Aktuelle politische Stimmung ist zentrales Thema des Albums
Ein zentrales Thema von «LIAR» sei das Gefühl, dass gerade alles auseinanderfällt, schildert Tikaram im Interview der dpa. «Was tut man dann? Woran glaubt man noch? Wie bewahrt man seinen Glauben?» Es gebe derzeit eine große Kluft zwischen dem, was Politiker täten, und dem, was die Menschen sich eigentlich wünschten. Diese Spannung zieht sich wie ein Subtext durch das Album.
«Nach dem Brexit und der ersten Wahl Donald Trumps zum US-Präsidenten hatte man plötzlich das Gefühl: Wir teilen keine gemeinsamen Werte mehr. Das war ein Schock. Viele haben da zum ersten Mal begriffen, wie zerbrechlich das ist, worauf unsere Gesellschaft basiert», sagt die Singer-Songwriterin.

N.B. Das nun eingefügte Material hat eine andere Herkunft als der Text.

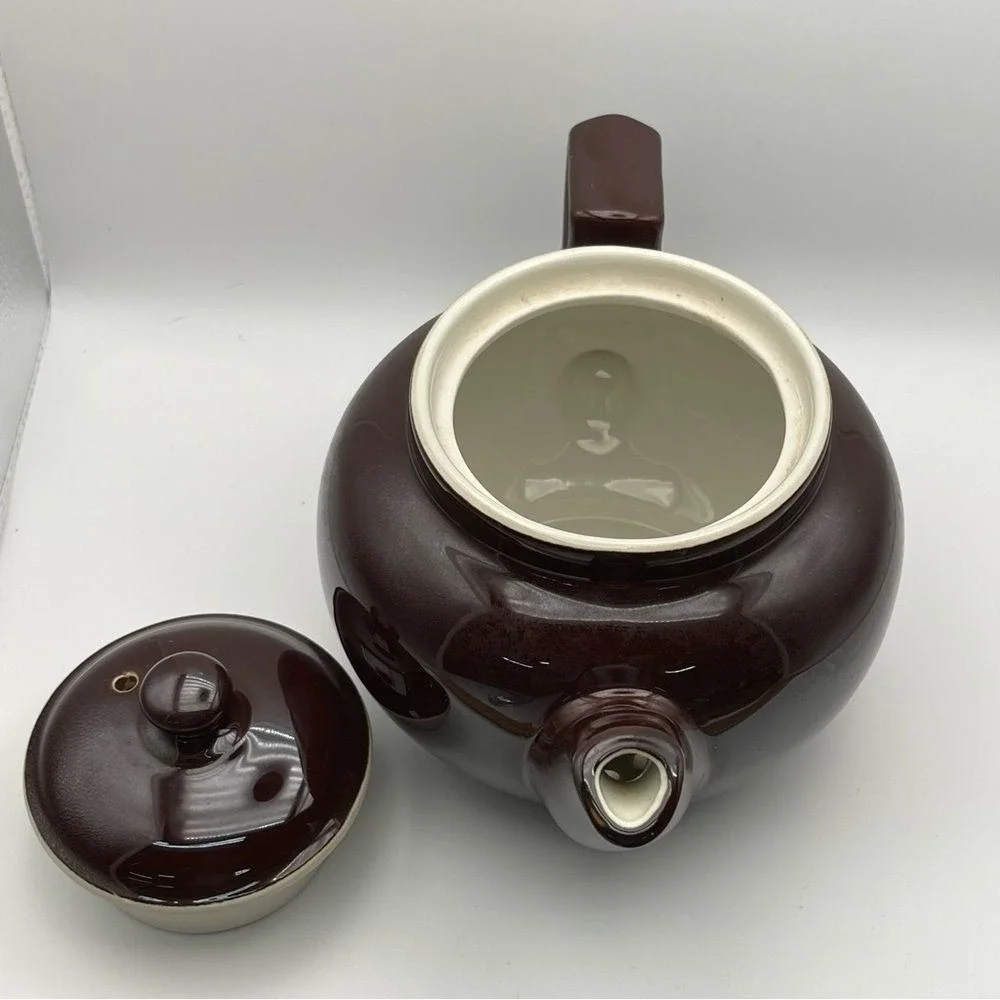 Vintage Hall China Brown‎ Teapot Ivory Interior USA Drip Glaze Vented Lid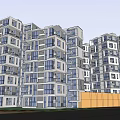 Modern High Rise Building With Glass Facade Balconies And Orange Fence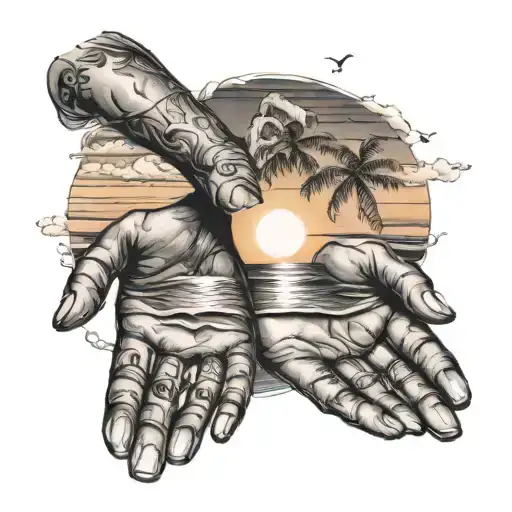 Feminine Hands Holding A Sunset At The Beach Like Water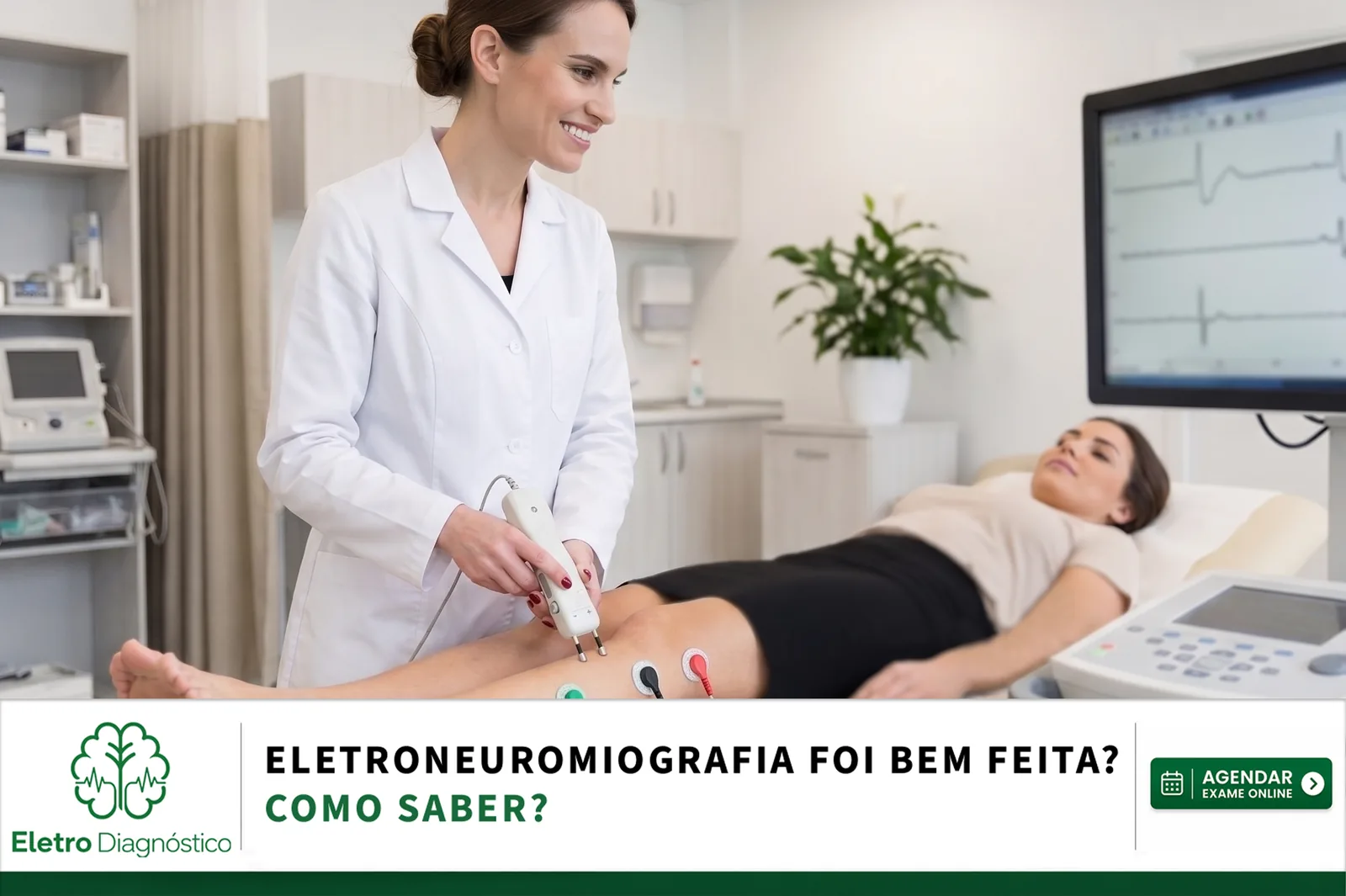 Comparação de captação do nervo mediano sensitivo na eletroneuromiografia: à direita, traçado inadequado com forte contaminação do potencial motor e marcações sem linha de base definida; à esquerda, traçado adequado com linha de base estável e potenciais sensitivos limpos.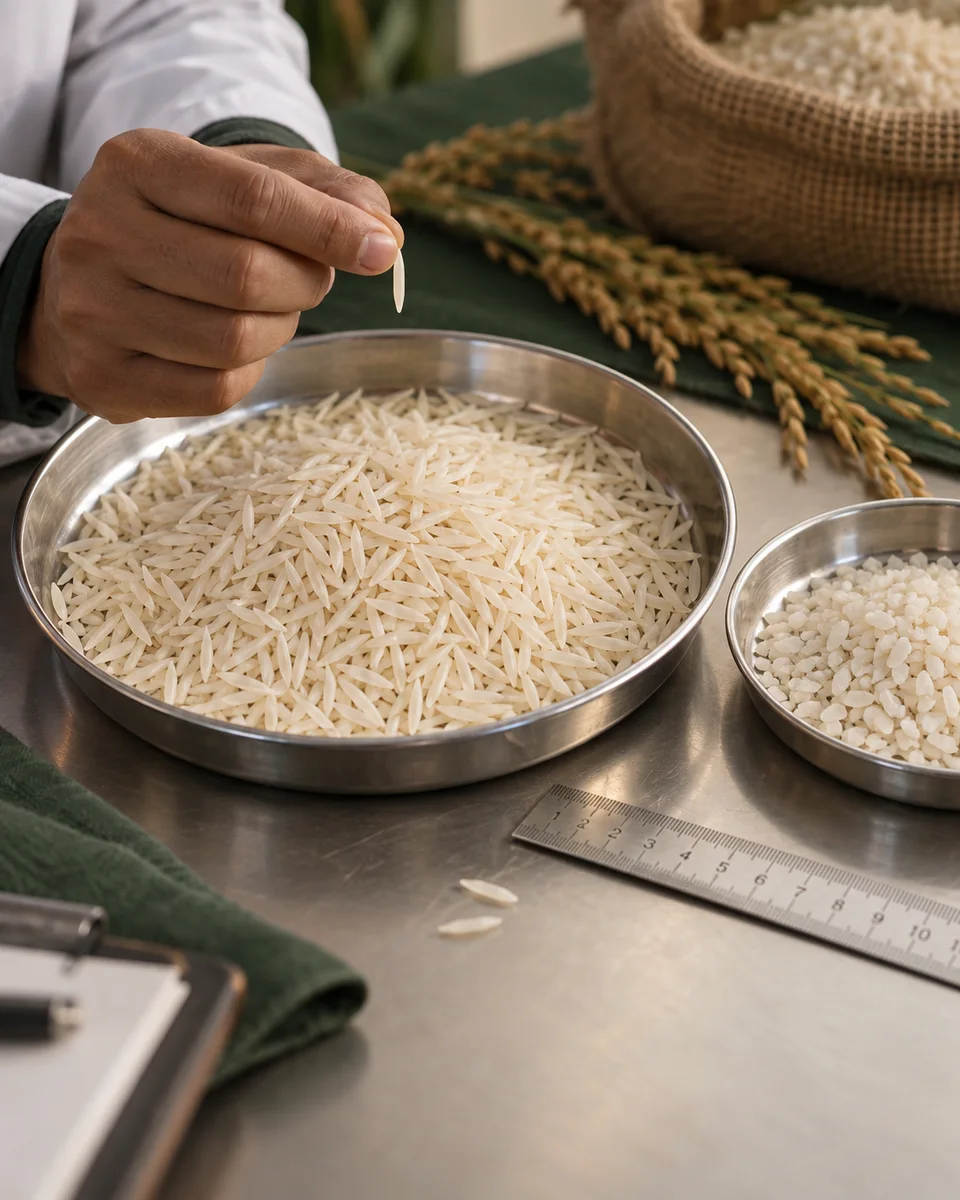 Long basmati grains and broken grains in separate inspection trays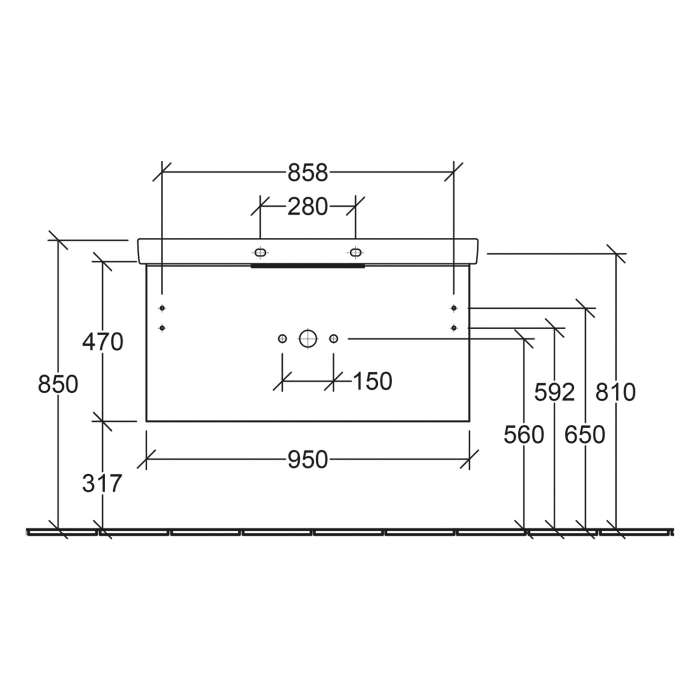 Villeroy & Boch Architectura Waschbeckenunterschrank 95 x 47 cm, 1 Auszug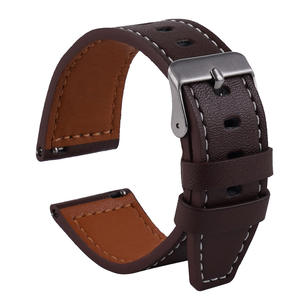 Bracelet de <span class=keywords><strong>montre</strong></span> classique en cuir PU marron noir à dégagement rapide universel 20mm 22mm bracelet de <span class=keywords><strong>montre</strong></span> en cuir microfibre plat avec lignes - Product Image 6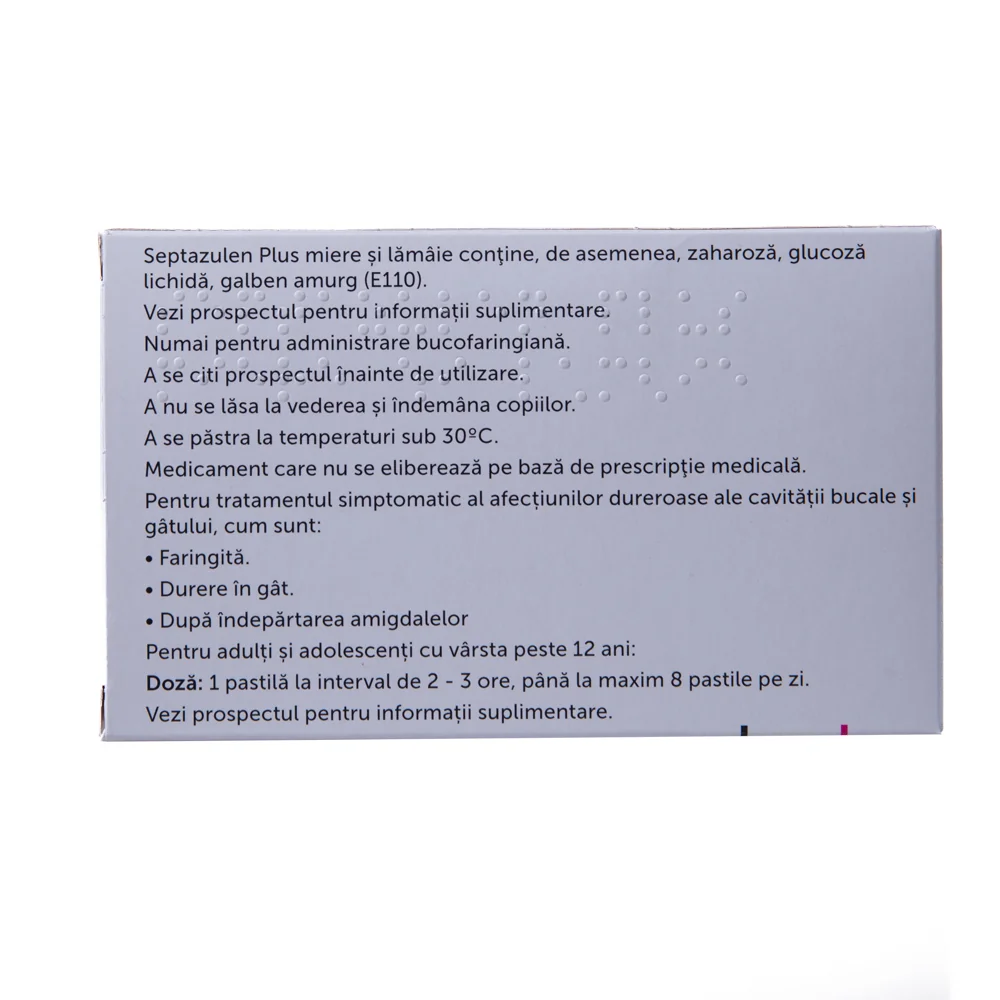 Septazulen Plus miere si lamaie 2 mg/0.6 mg/1.2 mg, 24 pastile, Lozy's Pharmaceuticals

Abschied vom jungen Mädchen
Aber es ist auch Hoffnung zu spüren - etwa in «I See A Morning». Hoffnung lebe vom gemeinsamen Handeln – von Gemeinschaften und Menschen, die sich zusammentun, um Widerstand zu leisten und für eine gerechtere Welt zu kämpfen, wie Tikaram auf Instagram schrieb. Davon handele der Song. «Ich glaube, wir müssen unsere gemeinsame Menschlichkeit und unsere gemeinsamen Werte wiederfinden. Das ist etwas, das mich nicht loslässt», sagte sie der dpa.
Aber Tanita Tikaram verarbeitet auch ganz persönliche Gedanken und Gefühle. So im Song «Sailboats», in dem sie das Älterwerden beschreibt – offen, zärtlich, wehmütig. Das Lied sei eine Art Abschied von dem jungen Mädchen, das sie einmal war – und zugleich eine Hommage an das, was kommt. «Man wird nie wieder diese andere Frau sein. Dieses Mädchen ist weg, und man trauert um sie.» Es gehe aber letztlich ums Loslassen - und darum, aus dem Verlust Stärke und Weisheit zu ziehen.
Mit Cello, Violine und Akkordeon
Die zehn Songs mit ihren orchestralen Arrangements lassen sich musikalisch als eine Art Kammerpop (Chamber Pop) einordnen. Die vorherrschenden Instrumente sind Cello, Geige und Akkordeon, die den Werken eine fast schon erzählerische Tiefe verleihen. «Statt eines Gitarren-Solos gibt es bei mir lieber ein Cello-Solo. Dieses Instrument ist so sinnlich und kraftvoll», schwärmt Tikaram.